A HUMOUROUS and revealing diary of drunkenness has been produced by a Weymouth-born photographer.

Peter Dench, who is now based in London, has just had A& E: Alcohol & England published containing 134 images spanning 1998 to 2008 when the English were drinking ‘younger, longer, faster and more cheaply’ than ever before.

Two of the images featured in the book are from Weymouth – the first is of a man drinking Guinness in a nautical-themed bar on the Esplanade and the second of an Oktoberfest-themed evening at Weymouth Pavilion.

Peter says his book offers a visual history of drinking – the nation’s favourite legal high.

He said: “For the first 18 years of my life, home was never more than a few minutes’ walk from the seaside.

“Devenish Brewery, where both of my parents worked, provided the Dench family home.

“Each fortnight my dad would get an allowance of a crate of bottled beer.

“If I got up early enough on a weekday I might get to drain what the adults had left from the night before.

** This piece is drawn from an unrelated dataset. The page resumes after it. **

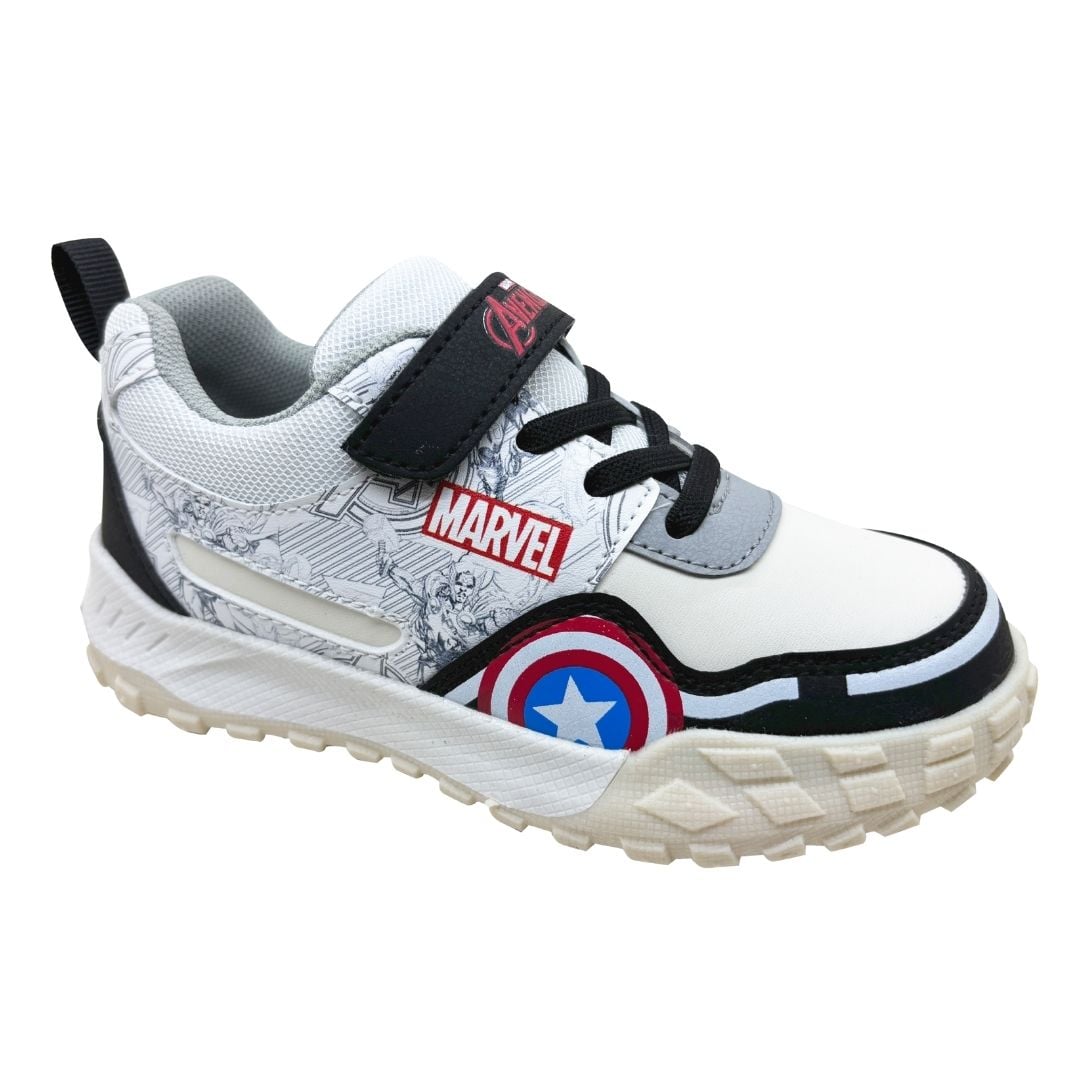 ZAPATILLAS NIÑO CASUAL CAPITAN AMERICA MARVEL AVENGERS BLANCO - 1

I liked the taste, still do.

“The first time I got properly drunk was aged 12 at my former junior school summer fete.”

Peter first got into photography through taking pictures of local wildlife in Weymouth’s nature reserves.

He then went on to study at Bournemouth and Poole College of Art.

“After enrolling for a course at what was then known as Bournemouth & Poole College of Art & Design, a career making images looked promising.

“Aged 19, browsing through the books of Martin Parr, Elliot Erwitt, Paul Reas, Paul Graham and Greg Leach in the college library, I began to take photography seriously as a career.

“If you could travel the world, make people think and make them laugh, that was a fine way to live.

“If you could do all that with a drink in your hand, then that was the life for me,” he said.